The 7"atlas shaper this critter lives in the basement . it helps make up for the lack of a larger mill. It is also the frequent culprit in the honey I found a piece of swarf in my sock situations. 








Well tell me what you think of the brief tour.
Tin


----------



## wareagle (Oct 8, 2007)

I, myself, don't see a thing wrong with your shop.  I like all of the drawers under the benches.  Handy use of space.  
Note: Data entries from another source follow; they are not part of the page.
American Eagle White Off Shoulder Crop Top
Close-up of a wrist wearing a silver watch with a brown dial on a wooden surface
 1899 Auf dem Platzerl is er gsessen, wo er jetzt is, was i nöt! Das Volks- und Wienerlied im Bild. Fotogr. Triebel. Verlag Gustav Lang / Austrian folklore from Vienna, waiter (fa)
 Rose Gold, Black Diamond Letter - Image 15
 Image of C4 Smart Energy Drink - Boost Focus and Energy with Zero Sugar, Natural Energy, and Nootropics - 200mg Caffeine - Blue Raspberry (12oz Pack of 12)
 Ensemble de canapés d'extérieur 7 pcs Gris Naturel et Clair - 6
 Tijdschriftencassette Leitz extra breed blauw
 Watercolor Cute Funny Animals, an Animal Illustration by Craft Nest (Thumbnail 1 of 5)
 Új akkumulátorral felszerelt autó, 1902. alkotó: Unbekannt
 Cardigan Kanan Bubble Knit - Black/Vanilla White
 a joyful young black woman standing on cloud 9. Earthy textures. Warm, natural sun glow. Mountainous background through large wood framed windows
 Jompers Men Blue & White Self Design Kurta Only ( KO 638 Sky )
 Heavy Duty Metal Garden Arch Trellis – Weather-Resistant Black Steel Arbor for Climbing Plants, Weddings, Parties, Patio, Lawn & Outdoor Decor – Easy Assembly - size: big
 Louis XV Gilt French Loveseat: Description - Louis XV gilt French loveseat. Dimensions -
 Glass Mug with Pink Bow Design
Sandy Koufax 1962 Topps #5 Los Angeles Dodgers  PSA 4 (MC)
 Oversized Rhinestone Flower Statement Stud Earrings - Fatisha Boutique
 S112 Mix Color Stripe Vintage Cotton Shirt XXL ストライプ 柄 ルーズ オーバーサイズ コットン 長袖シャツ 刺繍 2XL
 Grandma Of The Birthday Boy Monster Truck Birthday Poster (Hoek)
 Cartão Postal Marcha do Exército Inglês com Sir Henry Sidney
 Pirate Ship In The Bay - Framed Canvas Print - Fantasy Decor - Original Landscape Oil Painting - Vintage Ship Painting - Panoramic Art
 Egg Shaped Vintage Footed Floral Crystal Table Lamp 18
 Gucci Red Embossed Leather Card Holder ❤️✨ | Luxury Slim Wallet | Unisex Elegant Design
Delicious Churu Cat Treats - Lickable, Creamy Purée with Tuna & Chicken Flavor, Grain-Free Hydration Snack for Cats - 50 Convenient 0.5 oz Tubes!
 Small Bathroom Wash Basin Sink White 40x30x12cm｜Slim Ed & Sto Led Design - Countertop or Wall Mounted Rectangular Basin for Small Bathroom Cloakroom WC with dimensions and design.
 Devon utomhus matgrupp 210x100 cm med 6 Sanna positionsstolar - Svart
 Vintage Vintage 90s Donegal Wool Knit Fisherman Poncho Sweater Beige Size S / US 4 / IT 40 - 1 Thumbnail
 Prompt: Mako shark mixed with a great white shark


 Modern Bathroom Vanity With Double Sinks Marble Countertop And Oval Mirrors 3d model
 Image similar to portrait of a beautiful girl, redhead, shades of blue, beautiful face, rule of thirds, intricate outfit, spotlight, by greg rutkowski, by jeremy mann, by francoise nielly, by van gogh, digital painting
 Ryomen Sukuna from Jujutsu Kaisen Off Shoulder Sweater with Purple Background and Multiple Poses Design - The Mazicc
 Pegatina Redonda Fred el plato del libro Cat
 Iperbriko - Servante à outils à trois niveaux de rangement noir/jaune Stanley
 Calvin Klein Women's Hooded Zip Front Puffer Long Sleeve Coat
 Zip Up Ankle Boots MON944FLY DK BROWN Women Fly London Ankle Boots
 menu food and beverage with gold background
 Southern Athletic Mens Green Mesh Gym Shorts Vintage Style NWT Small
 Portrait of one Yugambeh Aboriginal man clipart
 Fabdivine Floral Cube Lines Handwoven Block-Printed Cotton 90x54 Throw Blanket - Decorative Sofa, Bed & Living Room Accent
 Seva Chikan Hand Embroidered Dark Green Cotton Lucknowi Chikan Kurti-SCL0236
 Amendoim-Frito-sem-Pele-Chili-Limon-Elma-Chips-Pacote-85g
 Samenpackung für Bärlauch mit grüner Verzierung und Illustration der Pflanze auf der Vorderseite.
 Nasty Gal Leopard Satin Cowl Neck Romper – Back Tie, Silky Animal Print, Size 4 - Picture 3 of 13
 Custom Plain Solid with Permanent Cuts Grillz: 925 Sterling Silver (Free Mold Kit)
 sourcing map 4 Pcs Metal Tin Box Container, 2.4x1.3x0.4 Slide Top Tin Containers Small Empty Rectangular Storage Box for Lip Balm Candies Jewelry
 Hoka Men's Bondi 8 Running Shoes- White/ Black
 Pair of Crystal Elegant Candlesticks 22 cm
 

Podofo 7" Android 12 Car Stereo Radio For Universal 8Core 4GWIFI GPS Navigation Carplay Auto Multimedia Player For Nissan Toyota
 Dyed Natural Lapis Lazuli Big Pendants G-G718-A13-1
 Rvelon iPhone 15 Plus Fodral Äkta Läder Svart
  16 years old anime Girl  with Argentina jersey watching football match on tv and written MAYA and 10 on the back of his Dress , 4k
I do have one question, and that is do you use the scroll saw for metal working?


----------



## 1Kenny (Oct 8, 2007)

Nice shop Tin.


----------



## Cedge (Oct 9, 2007)

Tin...
Nice digs there dude... I'm curious as to the power you have available to run the tools. Some look as if they are ... or were... 3 phase.  Did you convert the tools or perhaps add phase conversion?

Steve


----------



## Tin Falcon (Oct 9, 2007)

Guys thanks for the response. 

Wareagle: 
     yes the drawers are very handy IMHO it is almost impossible to have too many drawers in a workbench or shop. There is a story behind these benches . To make a long story short I got the ball bearing slide version for the sale price of the plain slides. my other work benches are home made deals made from salvaged dimensional lumber. 
 As far as the scroll saw it does not get a lot of metalworking use. I have used it for cutting 1/8 or so aluminum, on a little project to repair my grizzly digital calipers. It is a rebuilt Delta I picked up at a traveling tool sale for $30 or $40. The price was such that it did not make sense not to have it. I do most of my saw cutting of metal on the 9" Grizzly"woodworking" band saw in the lower/basement shop. 

Cedge:
      Everything in the shop runs off 110/115 house current. I have a single duplex 20 amp outlet behind the mill with a power strip plugged into it. the rest of the shop is on a second 15 amp circuit. The basement shop also has a dedicated 15 amp line on GFCI. The SB lathe and shaper both have fractional hp motors. The motor on the lathe is not original to the machine but was in it when I bought it.  The switch is set up for forward and reverse the lathe does not reverse. I do know that looking in a reprint of a IIRC1935 south bend catalog it advertises the machines as running off a "Lamp outlet" so lathes of this vintage were shipped originally with 110 motors mine may have been originally 3phase coming from a college lab not sure. I do have an unusual extension cord I found at home depot it is 12 ga 25 ft long and has an outlet about every 6 ft. comes in handy in the basement shop.
Tin


----------



## Tin Falcon (Aug 6, 2011)

well started out the day thinking I should get some painting done on the house. Well we head off to a local church yard sale . I find a good deal on a solid oak office desk. probably 60 plus years old. 
So spent a good part of the day rearranging and cleaning the shop to make room for a desk 34 deep x 60 long.  two small pieces of furniture taken out of the shop and another moved 10 inches north it is in. almost had to remove a door to make it it was that close. I christened the table saw by cutting a Masonite cover for the desk. 
I know should have taken photos. Still can when the decks are a little more clear. but I think things will be better I can now be close to the cnc machines and sill see the monitor. And I have a monitor arm that can bring the monitor more front and center if needed. 
Tin


----------



## kcmillin (Aug 6, 2011)

Nice Shop Tin! I like the shaper, and the seagulls in the windows makes me feel like I am at the beach :big: 

But the bench grinder right next to your mill makes me cringe ??? 

Kel


----------



## Troutsqueezer (Aug 7, 2011)

You're almost apologizing for that little mill, Tin. Don't be. It is a worthy addition to any shop. I'll bet you have a few mods done to it by now.

-Trout


----------



## Omnimill (Aug 7, 2011)

Looks like a nice shop Tin, I'm in the Garage ... :-[

Vic.


----------



## Tin Falcon (Aug 7, 2011)

Kel : The shaper is a cool machine. versatile , tooling is cheap and something very relaxing of the rhythm of it running. 
And yes the mill and the grinder have both been moves a couple times since that pic. 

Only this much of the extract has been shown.